Maker of Joey Bautista Cues
Silver Member
20.2/3/4 oz. The forearm or the handle has the tenon..
You're looking at 16+ oz butt . Even with a 1.5oz joint screw, tough to do without any weight add-on unless the woods are really heavy.
And that would include a non-maple handle.

Why are you worried about the added weight ?
 

ideologist

I don't never exaggerate
Silver Member
An ebony butt is 20oz by itself, I have some exceptional long pieces if you need one
 

JC

Coos Cues
There are plenty of nice woods heavy enough to accomplish what you desire coupled with a solid heavy shaft.

Here is one I"m finishing up with ebony and stabilized spalted tamarind that is full cored with maple. It weighs in at 19.6 without the finish on yet. Front weighted with a balance point at 19.5 inches. It could easily have been made heavier with a heavier core wood. I used maple to hold the weight down. The only metal is the stainless pin.

_DSC3604 copy [800x600].jpg

JC
 

YubaCushion

AzB Silver Member
Silver Member
There are plenty of nice woods heavy enough to accomplish what you desire coupled with a solid heavy shaft.

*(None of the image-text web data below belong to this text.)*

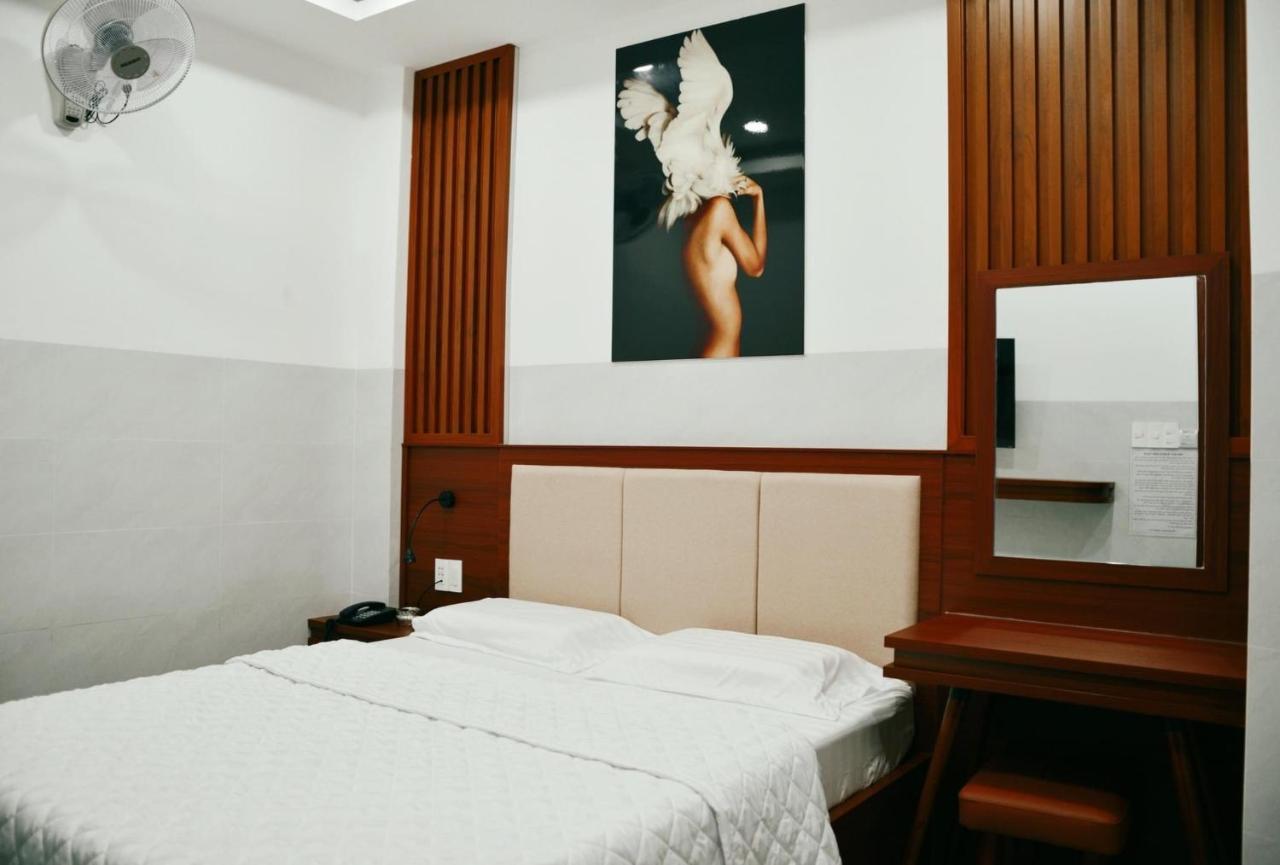 Tulip Hotel Ho Chi Minh City Bagian luar foto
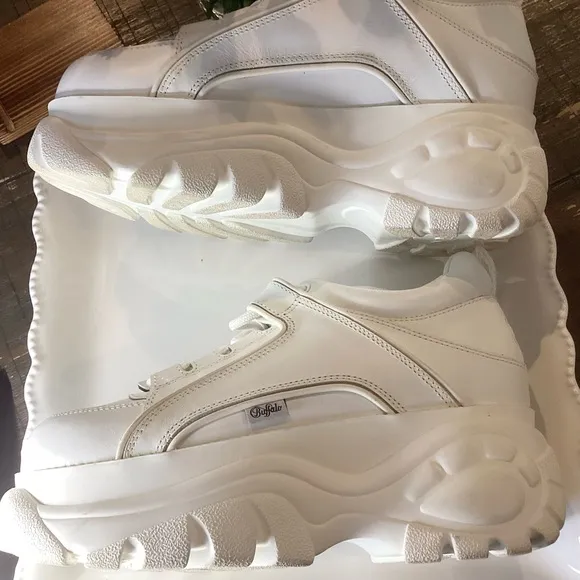 Buffalo Platform Sneakers Size 9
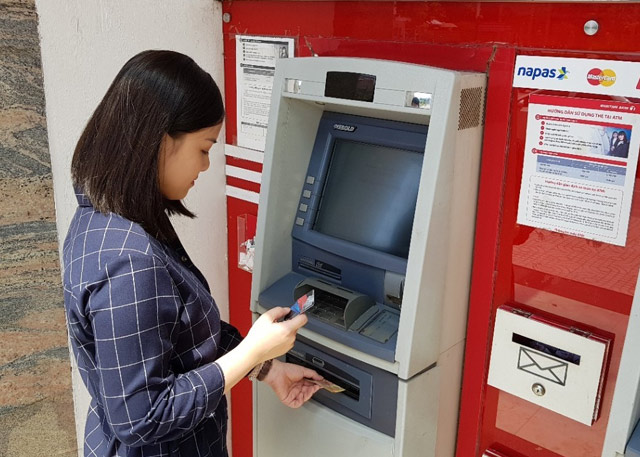 Bạn đã biết cách rút tiền miễn phí tại ATM chưa?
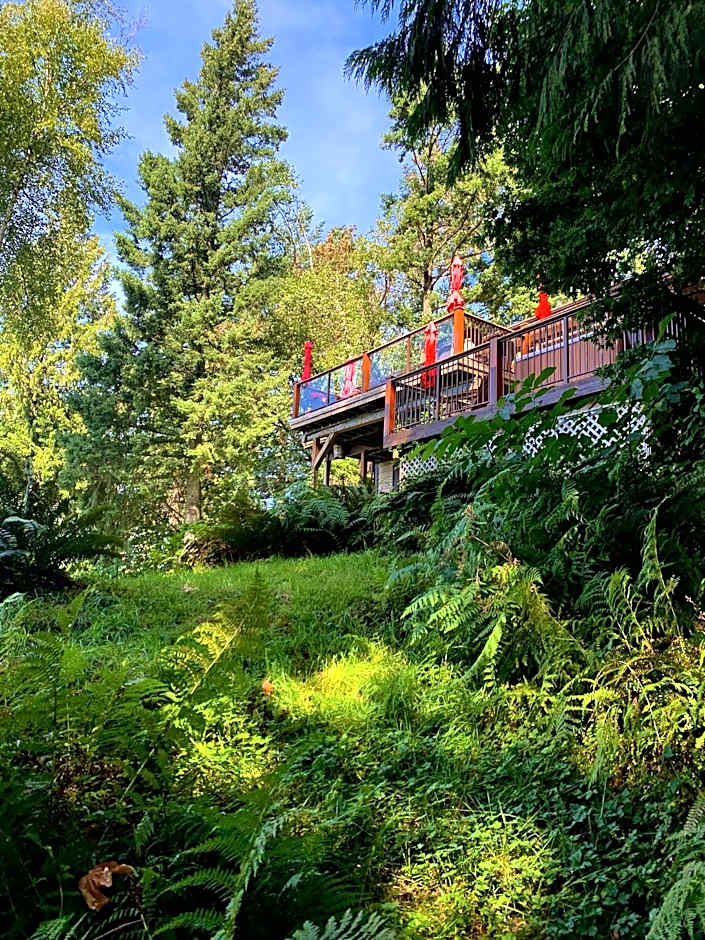 The Fraser River's Edge B&B Lodge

Here is one I"m finishing up with ebony and stabilized spalted tamarind that is full cored with maple. It weighs in at 19.6 without the finish on yet. Front weighted with a balance point at 19.5 inches. It could easily have been made heavier with a heavier core wood. I used maple to hold the weight down. The only metal is the stainless pin.

View attachment 500757

JC

That's beautiful. Good work sir.
 

Kim Bye

AzB Silver Member
Silver Member
Sure you can make a cue with only wood (some sort of metal or G10 joint pin I guess?)
a 20oz butt kinda limits your wood choices somewhat, but Ebony is far from the only dense wood you can use. Katalox, purpleheart, desert ironwood, quite a few of the Dalbergia species, snakewood and massaranduba to name a few.
The dimensions plays a big part, obviously a 30" butt will be heavier than a 29" butt given the same dimensions.
If you want to use a lighter wood, I guess you could core with a heavy wood like ebony or katalox.
If I took on a project like that I would have to weigh the actual pieces and try to find the ones that would work best with your weight, dimension and balance point.
 

S.Vaskovskyi

AzB Silver Member
Silver Member
It is not that difficult to build a cue with a weight you mentioned using only woods and a pin. As it was mentioned above there are plenty of woods much heavier and denser than ebony. I've built my full spliced butt using two hard woods ABW and Pau Rosa and in length 31" I've got the weight approximately 18 oz so I had to drill out some wood to get it under 17 oz. Besides of ABW which is so far the heaviest wood I have (1340 kg/m3 +/-) there are three more species above 1200 kg/m3 in my collection: Pau Santo one of the stiffest woods and it is very rare, Leadwood, Mopane.
The trick is to know which wood to have for a particular part of the cue in order to get the desired balance and hit. That is the real artistry.